§ **MATERIAL SUPPLIED**
----

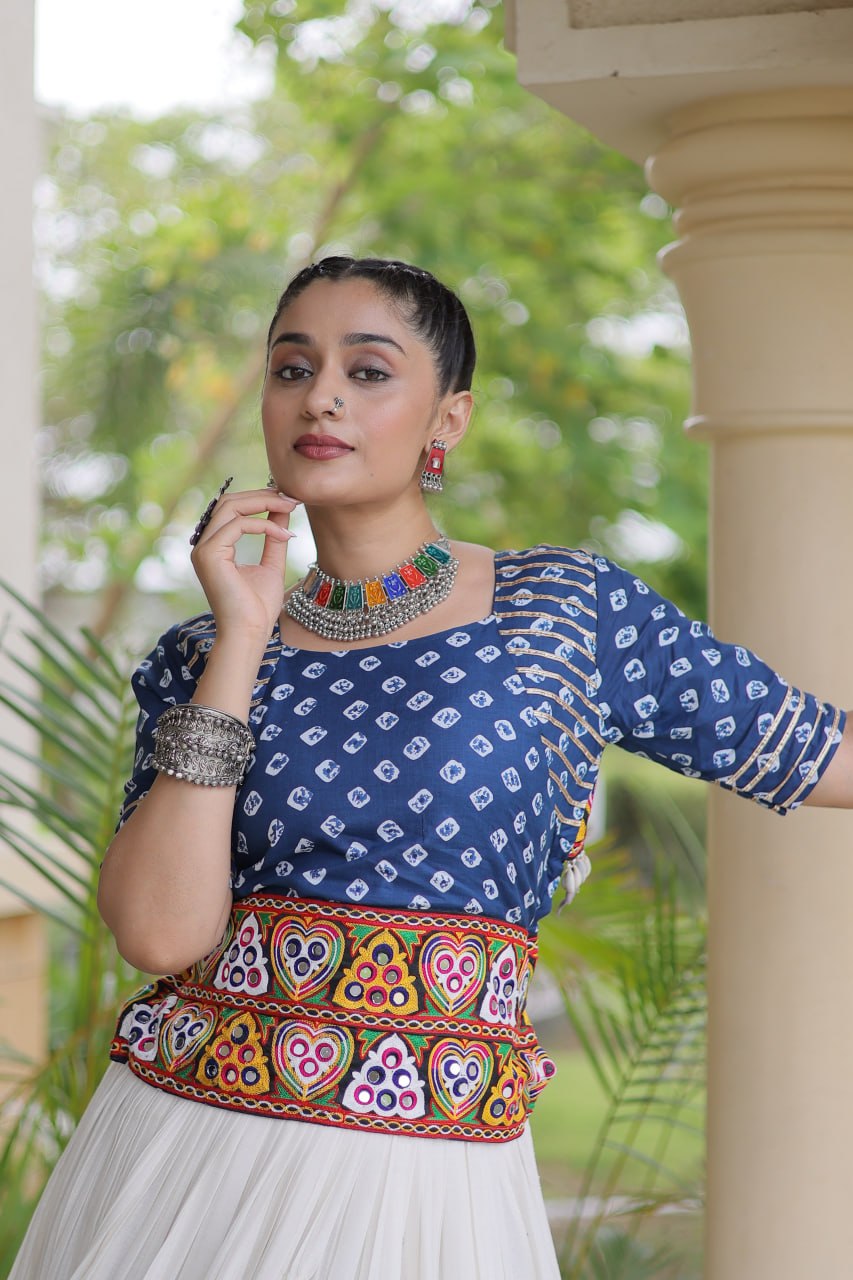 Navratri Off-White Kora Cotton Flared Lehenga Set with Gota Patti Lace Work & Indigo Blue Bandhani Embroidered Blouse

----

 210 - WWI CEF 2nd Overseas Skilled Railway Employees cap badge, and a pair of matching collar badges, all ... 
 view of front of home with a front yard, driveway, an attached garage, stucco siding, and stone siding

----

Start with the line above that contains "210 - WWI CEF" and stop after the line that contains "view of front". Output those lines exactly, and only those.

§ **RESULT OF THIS EXERCISE**
 210 - WWI CEF 2nd Overseas Skilled Railway Employees cap badge, and a pair of matching collar badges, all ... 
 view of front of home with a front yard, driveway, an attached garage, stucco siding, and stone siding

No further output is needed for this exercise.